▶ _Work order_: Please print, word for word, every line from the one that contains "Classic Abacus Counting" through the last line of the records, and nothing else.

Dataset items
*-*-*

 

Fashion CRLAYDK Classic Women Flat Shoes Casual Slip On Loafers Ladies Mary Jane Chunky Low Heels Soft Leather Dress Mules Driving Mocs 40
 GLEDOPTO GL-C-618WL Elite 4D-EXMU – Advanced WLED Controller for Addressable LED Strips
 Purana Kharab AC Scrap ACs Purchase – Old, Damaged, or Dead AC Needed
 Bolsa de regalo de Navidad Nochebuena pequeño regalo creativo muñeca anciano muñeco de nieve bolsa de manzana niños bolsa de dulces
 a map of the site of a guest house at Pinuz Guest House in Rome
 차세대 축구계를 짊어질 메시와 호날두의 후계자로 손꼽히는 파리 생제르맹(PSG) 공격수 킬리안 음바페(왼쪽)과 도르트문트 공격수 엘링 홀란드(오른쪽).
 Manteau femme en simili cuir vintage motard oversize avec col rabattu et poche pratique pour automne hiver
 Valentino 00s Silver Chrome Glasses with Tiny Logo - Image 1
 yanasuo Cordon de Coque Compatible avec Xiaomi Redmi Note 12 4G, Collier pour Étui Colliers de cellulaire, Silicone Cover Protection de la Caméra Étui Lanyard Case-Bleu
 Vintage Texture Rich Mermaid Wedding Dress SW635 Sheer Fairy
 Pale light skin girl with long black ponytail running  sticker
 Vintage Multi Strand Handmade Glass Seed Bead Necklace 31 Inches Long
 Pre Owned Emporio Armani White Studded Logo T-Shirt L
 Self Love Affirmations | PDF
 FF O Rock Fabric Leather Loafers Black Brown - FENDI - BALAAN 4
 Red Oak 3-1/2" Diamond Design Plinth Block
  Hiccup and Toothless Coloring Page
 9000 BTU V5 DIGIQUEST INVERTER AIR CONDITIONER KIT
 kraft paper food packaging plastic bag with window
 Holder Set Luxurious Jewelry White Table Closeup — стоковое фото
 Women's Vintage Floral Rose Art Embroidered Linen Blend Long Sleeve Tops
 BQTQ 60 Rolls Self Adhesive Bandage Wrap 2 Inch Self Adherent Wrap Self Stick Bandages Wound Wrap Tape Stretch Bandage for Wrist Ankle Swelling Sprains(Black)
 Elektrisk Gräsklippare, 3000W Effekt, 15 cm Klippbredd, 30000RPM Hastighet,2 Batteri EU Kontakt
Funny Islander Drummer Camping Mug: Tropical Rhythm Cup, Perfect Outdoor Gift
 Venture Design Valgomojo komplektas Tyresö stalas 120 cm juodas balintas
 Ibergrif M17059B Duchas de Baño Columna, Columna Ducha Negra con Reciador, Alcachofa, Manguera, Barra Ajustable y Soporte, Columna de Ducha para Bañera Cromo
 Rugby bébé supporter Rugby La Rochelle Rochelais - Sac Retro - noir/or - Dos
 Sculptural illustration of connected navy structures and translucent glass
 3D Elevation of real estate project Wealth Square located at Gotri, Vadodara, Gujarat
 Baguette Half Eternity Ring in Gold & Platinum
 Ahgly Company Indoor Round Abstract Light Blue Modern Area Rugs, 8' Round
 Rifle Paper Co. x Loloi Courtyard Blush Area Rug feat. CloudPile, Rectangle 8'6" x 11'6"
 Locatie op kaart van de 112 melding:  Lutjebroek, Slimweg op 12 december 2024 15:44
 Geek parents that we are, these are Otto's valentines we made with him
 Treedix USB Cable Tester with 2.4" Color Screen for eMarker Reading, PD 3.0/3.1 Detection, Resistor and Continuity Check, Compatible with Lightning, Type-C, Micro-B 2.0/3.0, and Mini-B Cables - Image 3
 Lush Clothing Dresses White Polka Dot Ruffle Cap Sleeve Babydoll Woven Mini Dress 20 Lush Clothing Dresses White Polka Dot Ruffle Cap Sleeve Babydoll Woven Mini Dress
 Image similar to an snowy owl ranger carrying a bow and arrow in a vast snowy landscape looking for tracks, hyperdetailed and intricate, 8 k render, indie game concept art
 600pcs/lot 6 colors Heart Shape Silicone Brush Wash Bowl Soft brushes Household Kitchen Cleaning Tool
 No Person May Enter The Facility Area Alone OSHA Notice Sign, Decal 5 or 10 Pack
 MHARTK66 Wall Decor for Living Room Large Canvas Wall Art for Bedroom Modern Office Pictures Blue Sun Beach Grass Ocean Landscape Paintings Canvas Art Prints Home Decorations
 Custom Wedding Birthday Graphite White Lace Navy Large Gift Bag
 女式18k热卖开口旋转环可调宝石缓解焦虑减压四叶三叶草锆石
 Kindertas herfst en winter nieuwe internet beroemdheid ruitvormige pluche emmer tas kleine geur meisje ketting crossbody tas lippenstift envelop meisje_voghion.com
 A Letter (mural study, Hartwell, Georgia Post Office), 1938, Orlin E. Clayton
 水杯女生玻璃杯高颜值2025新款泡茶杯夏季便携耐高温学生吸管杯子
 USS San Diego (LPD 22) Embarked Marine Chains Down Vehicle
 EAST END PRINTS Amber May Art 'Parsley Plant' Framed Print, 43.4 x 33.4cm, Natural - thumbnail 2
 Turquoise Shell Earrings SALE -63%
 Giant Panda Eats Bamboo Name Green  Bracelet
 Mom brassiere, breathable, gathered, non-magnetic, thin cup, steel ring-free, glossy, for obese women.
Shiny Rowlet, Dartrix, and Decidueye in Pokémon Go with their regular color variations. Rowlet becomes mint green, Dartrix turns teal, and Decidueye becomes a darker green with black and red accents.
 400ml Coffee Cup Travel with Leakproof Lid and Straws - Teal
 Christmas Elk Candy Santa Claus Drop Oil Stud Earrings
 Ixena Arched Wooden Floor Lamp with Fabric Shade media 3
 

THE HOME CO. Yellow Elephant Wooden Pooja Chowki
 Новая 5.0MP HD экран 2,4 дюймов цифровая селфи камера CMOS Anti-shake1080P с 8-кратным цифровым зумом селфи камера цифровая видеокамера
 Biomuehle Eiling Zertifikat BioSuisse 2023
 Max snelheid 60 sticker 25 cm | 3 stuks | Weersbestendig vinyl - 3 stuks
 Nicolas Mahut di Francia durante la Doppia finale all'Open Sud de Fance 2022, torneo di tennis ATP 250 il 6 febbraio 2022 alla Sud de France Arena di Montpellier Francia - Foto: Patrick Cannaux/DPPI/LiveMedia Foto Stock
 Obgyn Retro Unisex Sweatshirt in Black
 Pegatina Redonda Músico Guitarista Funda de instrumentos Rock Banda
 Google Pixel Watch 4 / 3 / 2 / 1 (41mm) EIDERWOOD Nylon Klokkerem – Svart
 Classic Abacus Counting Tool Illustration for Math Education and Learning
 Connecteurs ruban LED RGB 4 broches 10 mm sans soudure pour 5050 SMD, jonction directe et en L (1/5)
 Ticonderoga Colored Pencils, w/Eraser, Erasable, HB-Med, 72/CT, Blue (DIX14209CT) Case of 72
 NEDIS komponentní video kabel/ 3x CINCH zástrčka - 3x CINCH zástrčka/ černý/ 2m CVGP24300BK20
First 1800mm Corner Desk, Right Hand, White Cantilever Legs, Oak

*-*-*

▶ _Expected answer_:
 Classic Abacus Counting Tool Illustration for Math Education and Learning
 Connecteurs ruban LED RGB 4 broches 10 mm sans soudure pour 5050 SMD, jonction directe et en L (1/5)
 Ticonderoga Colored Pencils, w/Eraser, Erasable, HB-Med, 72/CT, Blue (DIX14209CT) Case of 72
 NEDIS komponentní video kabel/ 3x CINCH zástrčka - 3x CINCH zástrčka/ černý/ 2m CVGP24300BK20
First 1800mm Corner Desk, Right Hand, White Cantilever Legs, Oak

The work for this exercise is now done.